High-temperature Sampling#

Note

Ablation Experiments: Different Online Sampling Temperatures \(\tau\)

  1. High Temperature: \(\tau\) = 1.0.

  2. Low Temperature: \(\tau\) = 0.6.

../_images/sky-or1-2.png

Adaptive Entropy Control#

While preventing premature entropy collapse via entropy regularization is beneficial, selecting an appropriate entropy loss coefficient is challenging – we introduce Adaptive Entropy Control, a method that adaptively adjusts the entropy loss coefficient based on the target and current entropy.

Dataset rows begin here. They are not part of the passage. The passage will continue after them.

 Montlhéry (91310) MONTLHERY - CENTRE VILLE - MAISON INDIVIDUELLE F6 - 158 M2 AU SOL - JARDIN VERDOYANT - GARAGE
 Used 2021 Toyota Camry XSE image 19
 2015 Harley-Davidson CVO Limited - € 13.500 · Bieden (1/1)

\[ \alpha_{k} = c_k\cdot\mathbb{I}\{e_k\le\mathbf{tgt\_ent}\} \]
\[\begin{split} c_{k+1} = \begin{cases} c_k + \Delta,\quad&\text{if }e_k<\mathbf{tgt\_ent}\\ c_k - \Delta,\quad&\text{if }e_k>\mathbf{tgt\_ent} \end{cases} \end{split}\]

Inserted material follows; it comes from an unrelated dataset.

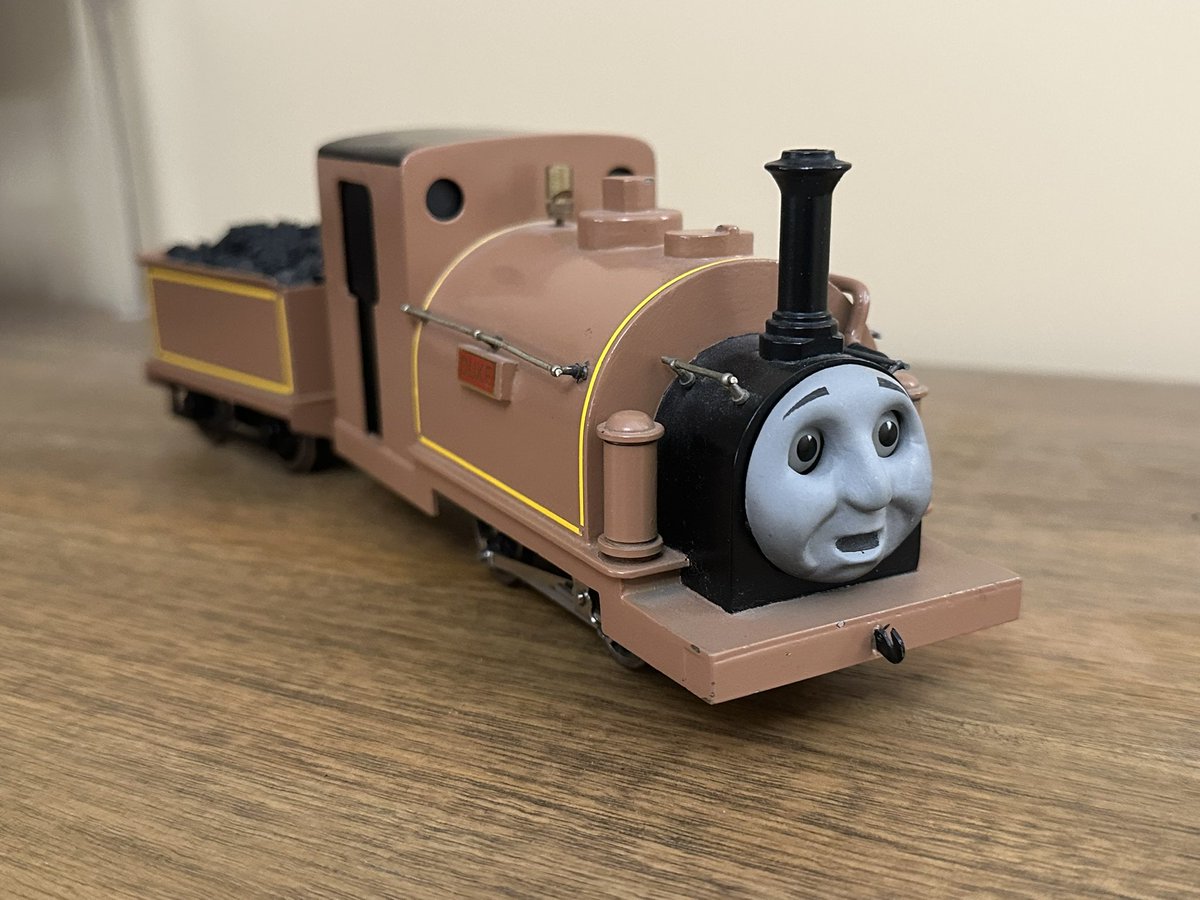 Thomas Merchandise tweet media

where \(c_0=0\) denote the initial adaptive coefficient.

No KL Loss#

../_images/sky-or1-3.png

We observe that, in Stage 2, the KL loss strongly pulls the actor model’s policy back toward the reference model. As a result, performance on AIME24 fails to improve significantly once the actor’s policy becomes too similar to the reference policy. Based on this observation, we set \(\beta = 0\) for all training stages of our released models.

Empirical Studies on Mitigating Policy Entropy Collapse#

We hypothesize that the following two sources may influence the model’s entropy and convergence behavior:

  • Rollout diversity. If the rollout data contain a greater diversity of correct responses, this prevents the model from overfitting to a single correct trajectory.

  • Policy update. We also investigate how different components of the policy update influence entropy. We focus primarily on the number of stochastic gradient descent (SGD) steps per training step and the use of additional entropy control methods (e.g., entropy loss).

Premature Entropy Collapse Generally Manifests as Worse Performance#

../_images/sky-or1-4.png

The Impact of Off-policy Update by Increasing \(N_{\text{SGD}}\)#

../_images/sky-or1-6.png

It is clear that the number of SGD steps performed in one training step satisfies:

\[ N_{\text{SGD}} = \frac{D_R}{D_T}\cdot N_{\text{reuse}} \]

when \(N_{\text{SGD}}=1\), the policy update is purely on-policy; when \(N_{\text{SGD}}\ge 2\), the off-policy data is introduced into the policy update.

Note

Ablation Experiments: The Impact of Different Numbers of SGD Steps \(N_{\text{SGD}}\).

Consider the quadruple \((N_{\text{SGD}},D_R,D_T ,N_{\text{reuse}})\).

  1. \(N_{\text{SGD}}=1\): The baseline experiment with the quadruple (1,64,64,1).

  2. \(N_{\text{SGD}}=2\): We ran two experiments with the quadruples (2,64,32,1) and (2,64,64,2).

  3. \(N_{\text{SGD}}=4\): We ran two experiments with the quadruples (4,64,16,1) and (4,64,64,4).

../_images/sky-or1-5.png

Experiments with \(N_{\text{SGD}} \in \{2, 4\}\) exhibit faster policy convergence, with entropy decaying to very small values within a few training steps. As a result, test performance fails to improve consistently once the model enters a low-entropy state. Off-Policy Data Harms Test Performance.

Preventing Premature Entropy Collapse#

  • Entropy Loss Is Sensitive to Training Data.

  • Adjusting the Coefficient of Entropy Loss Adaptively.

  • Using a properly chosen higher-clip ratio can prevent premature entropy collapse and lead to better test performance. However, the optimal higher-clip ratio is task-dependent.

Empirical Studies on Training Resource Allocation#

Tip

  1. Rollout Time Dominates the Total Training Time.

  2. Larger Batch Size, Better Test Performance.

  3. Larger Group Size, Better Test Performance.